Exercise
In the data below, find the line with "Berlin, Germany. 30th" and output it along with every later line, exactly, but not the pictures.

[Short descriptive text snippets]
━━━━━━━━━━
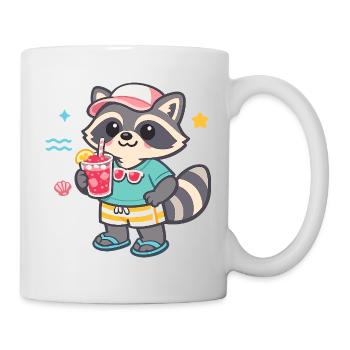 Waschbär am Strand mit Drink - Tasse - Weiß - Rechts
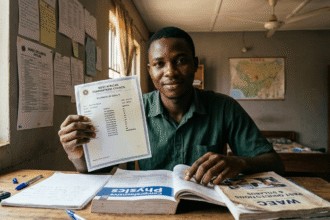 musa holding his waec result
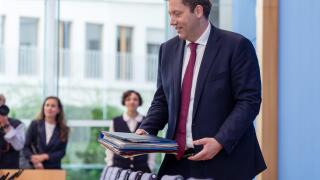 Berlin, Germany. 30th July, 2025. Lars Klingbeil (SPD), Federal Minister of Finance, attends the press conference on the 2026 budget. Credit: Soeren Stache/dpa/Alamy Live News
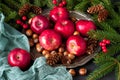 Christmas still life with apples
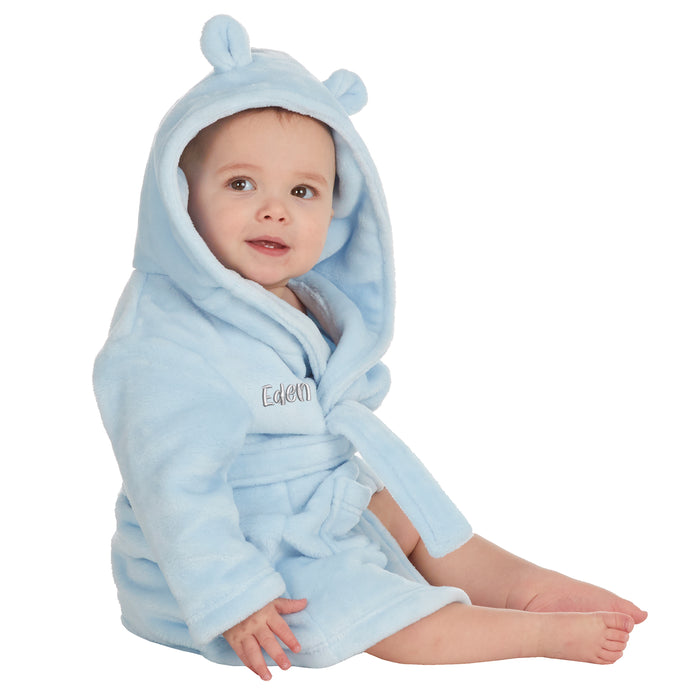  Personalised Baby Bear Ears Blue Robe 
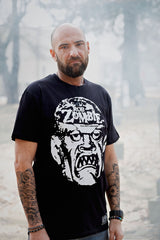 ROB ZOMBIE 'SKATERBEAST' short sleeve hockey t-shirt in black front view on model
━━━━━━━━━━
Your solution
 Berlin, Germany. 30th July, 2025. Lars Klingbeil (SPD), Federal Minister of Finance, attends the press conference on the 2026 budget. Credit: Soeren Stache/dpa/Alamy Live News
 Christmas still life with apples
  Personalised Baby Bear Ears Blue Robe 
 ROB ZOMBIE 'SKATERBEAST' short sleeve hockey t-shirt in black front view on model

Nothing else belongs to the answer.